Following the demonstration that mice heterozygous for mutations in both Cdh23 and Pcdh15 (605514) manifest a progressive hearing loss phenotype, Zheng et al. (2005) carried out mutation screening for CDH23 and PCDH15 mutations in 76 probands with a diagnosis of USH1. They found 3 probands who carried heterozygous mutations in both CDH23 and PCDH15. All had profound congenital nonprogressive deafness, vestibular dysfunction, and retinitis pigmentosa. The first proband carried a 3-bp in-frame deletion in PCDH15 (5601delAAC; 605514.0005) that had been identified in patients with USH1F (602083) and a single-basepair deletion in CDH23 (193delC; 605516.0011) that had been identified in patients with USH1D. The second proband was heterozygous for a 16delT mutation in PCDH15 (605514.0008) and a missense mutation in CDH23 (R3189W; 605516.0012). The third proband was heterozygous for the same in-frame deletion in PCDH15 as the first proband, and homozygous for a previously identified missense mutation in CDH23 (T1209A; 605516.0013). The CDH23 T1209A mutation had been identified in USH1D patients, and the authors suggested that the more severe phenotype in this patient was due to a modifier effect of the PCDH15 5601delAAC mutation. (The CDH23 T1209A mutation was later reclassified as a variant of unknown function.) All mutations were considered pathologic because of their location in functionally important and evolutionarily conserved domains and their absence in 100 unrelated controls.

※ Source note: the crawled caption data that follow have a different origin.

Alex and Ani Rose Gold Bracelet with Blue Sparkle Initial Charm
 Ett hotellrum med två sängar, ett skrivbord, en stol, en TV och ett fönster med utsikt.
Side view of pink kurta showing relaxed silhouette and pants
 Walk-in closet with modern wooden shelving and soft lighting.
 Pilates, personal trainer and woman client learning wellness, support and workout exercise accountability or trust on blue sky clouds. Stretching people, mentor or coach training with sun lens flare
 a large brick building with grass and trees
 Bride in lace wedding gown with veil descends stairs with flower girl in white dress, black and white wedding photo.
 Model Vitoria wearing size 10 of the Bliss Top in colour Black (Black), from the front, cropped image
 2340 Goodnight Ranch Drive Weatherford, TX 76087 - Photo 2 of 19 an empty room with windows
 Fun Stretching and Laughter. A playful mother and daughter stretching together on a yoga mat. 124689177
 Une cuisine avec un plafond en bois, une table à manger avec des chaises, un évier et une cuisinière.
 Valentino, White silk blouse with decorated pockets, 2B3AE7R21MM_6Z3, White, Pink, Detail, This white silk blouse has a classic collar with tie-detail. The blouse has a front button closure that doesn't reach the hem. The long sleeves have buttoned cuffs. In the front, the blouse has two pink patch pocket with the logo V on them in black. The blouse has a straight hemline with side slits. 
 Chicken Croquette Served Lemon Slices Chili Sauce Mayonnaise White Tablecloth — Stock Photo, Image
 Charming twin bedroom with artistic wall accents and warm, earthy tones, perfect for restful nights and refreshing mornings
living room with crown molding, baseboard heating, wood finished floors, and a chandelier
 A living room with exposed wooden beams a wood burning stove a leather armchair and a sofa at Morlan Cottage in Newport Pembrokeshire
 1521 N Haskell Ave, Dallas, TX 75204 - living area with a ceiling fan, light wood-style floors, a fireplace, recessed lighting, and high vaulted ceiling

Genotype/Phenotype Correlations

Nonsyndromic DFNB12 deafness is associated with CDH23 missense mutations that are presumed to be hypomorphic alleles with sufficient residual activity for retinal and vestibular function, but not for auditory cochlear function. In contrast, homozygous nonsense, frameshift, splice site and some missense mutations of CDH23, or a combination of these USH1D alleles in a compound heterozygote, cause USH1D. Schultz et al. (2011) identified 12 different homozygous CDH23 missense mutations, including 8 novel mutations, in 13 families with DFNB12. All were missense, except 1 in-frame deletion. Ten different homozygous mutations were found in 14 families and 1 singleton with USH1D. These latter mutations were mostly nonsense, frameshift, or splice site mutations, but there was 1 in-frame deletion and 2 missense mutations. Affected individuals in 3 additional families were found to carry compound heterozygous mutations in the CDH23 gene, with the different alleles being associated with either DFNB12 or USH1D. Based on the phenotypes within families, the results indicated that USH1D occurs only when there are 2 USH1D alleles in trans. In contrast, when there is a DFNB12 allele in trans with a USH1D allele, the phenotype is DFNB12. The findings indicated that a DFNB12 allele is phenotypically dominant to a USH1D allele, and can preserve normal retinal and vestibular function even in the presence of a USH1D allele. Schultz et al. (2011) noted the implications for genetic counseling.